Wednesday, September 24, 2014

A resignation!; Female names; Bones v. Ashes; Villages for sale; & Boorish Brits.


Is this a first for Spain? The Justice Minister has resigned after the President announced the long-expected abortion of the former's abortion bill, which found favour with a mere 20% of the electorate. Was the sword he fell on supplied by Opus Dei, I wonder.

Walking around a small parish cemetery yesterday, there was the usual evidence that some names were pretty common among the females of the community - the most frequent being Maria Carmen, Rosa, Rosalia, Maria and Manuela. On the other hand, there were single examples of old (Catholic) names that you don't hear these days - Hortensia, Prudencia, Josefa and Concepción. Then there were 1 or 2 odd names, such as Primitiva, Ermitas, Herminia and (would you believe) Generosa. And, there were 2 names which my Dutch friend, Peter, says are of Visigoth origin - Edelmira and Cumersinda (also Gumersinda). He may be right; he sometimes is. Of modern names, there were just 2 - Susana and Emma. The latter is odd, as double letters are not common in Spanish and the second M isn't strictly necessary. A foreigner, then?

One other odd thing in the cemetery was the refrain "Here lie the ashes of . . ." on gravestones or niche walls. My friend Peter (again) said that the word 'ashes' (as opposed to 'remains' or 'bones') was also used in English. This is certainly true of, e. g. , Dorothy Parker. But, then, she was cremated.

There are said to be around 3,000 'ghost' villages in Spain, places which have been abandoned to nature. A hundred of these are for sale as a job lot, of which a fair proportion are here in Galicia. Anyone interested can contact me.

Nice phrase I saw today:- The hystero-sphere of Twitter and Facebook.

Finally, a bit of good news from Spain: August tourist numbers were a record, at 9% more than last year. Thank God for foreigners. Unless they actually move here. As Lenox regularly reminds us, this seriously diminishes their importance, no matter how much money they bring or generate. Especially those who buy houses in the south. Ask the Priors.
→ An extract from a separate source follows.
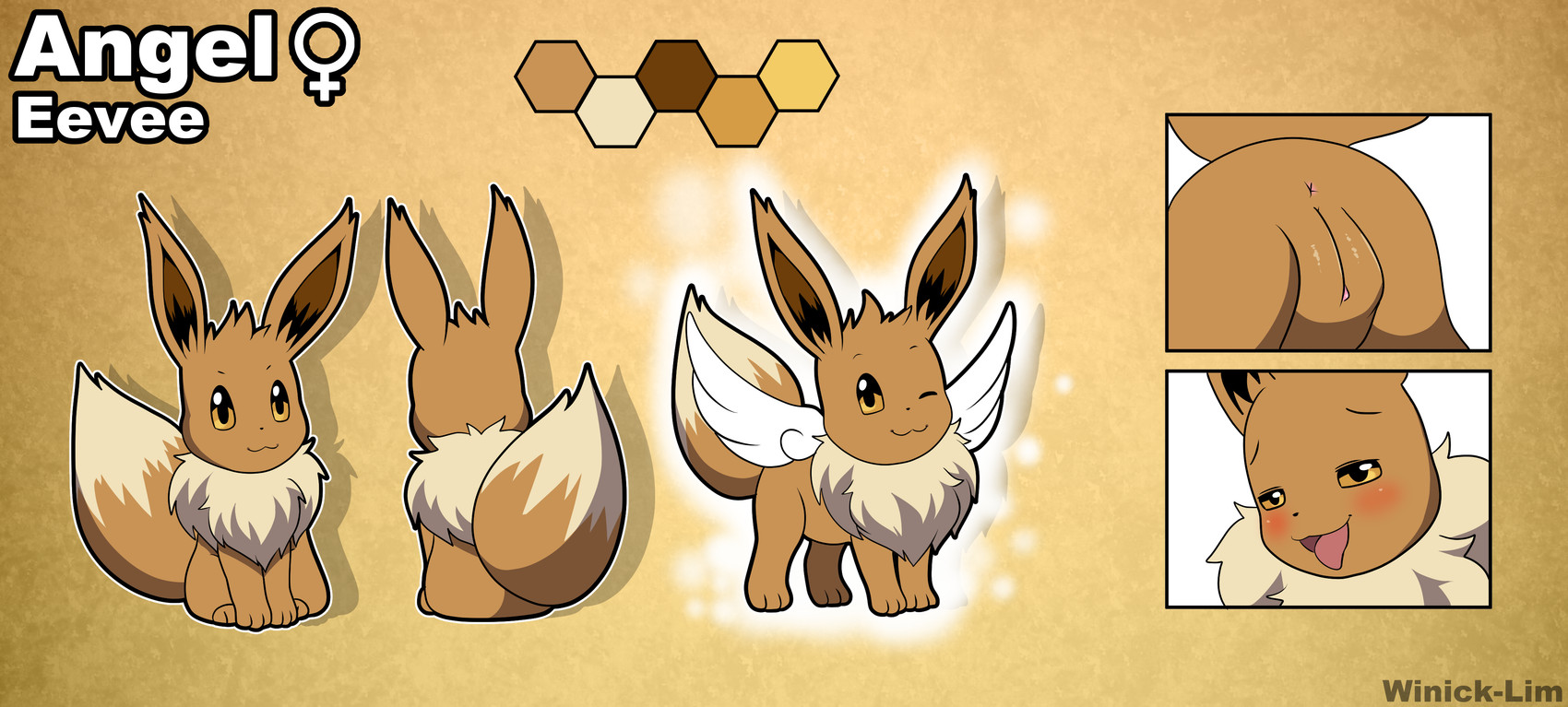 angel the eevee and fan character (nintendo and etc) created by winick-lim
Finally . . . Britain is generally regarded as a place of good manners. This article - by a Brit - would suggest, though, that things are in serious decline, thanks to "spitters, seat-hoggers, queue-jumpers, excessive phone-users and please and thank-you abusers". The British, says the author, have become a nation of poorly mannered ingrates. Comments welcome.

2 comments:

Anthea said...

You might also like the "cyberhive". i came across it some time ago in an article urging people to leave behind their electronic communication gadgets and "de-assimilate from the cyberhive".

Perry said...

Where is Spain getting the money for these trains?

http://www.railwaygazette.com/news/high-speed/single-view/view/renfe-to-order-30-high-speed-trainsets.html

In the UK, the HS2 project makes no allowances for the growth in communications & the effects they will have on the necessity to travel for business meetings. Getting from Birmingham to London 20 minutes faster has no relevance when people use the time to work via laptops or Ipads. As for tourists; do they want to visit Brum?

If £29 billion (& still rising) were spent on improving the present rail network, that expenditure would generate much more income than the HS2.

These high speed railways on one level may seem to be necessary, but by the time they are completed, the erstwhile passengers will not need nor want to use them. Another example of a "dead heat on a merry-go-round" where a small prize is secured (HS2) at the expense of missing out on a far greater reward (Integrated rail network). The tax payers lose twice; do they deserve to?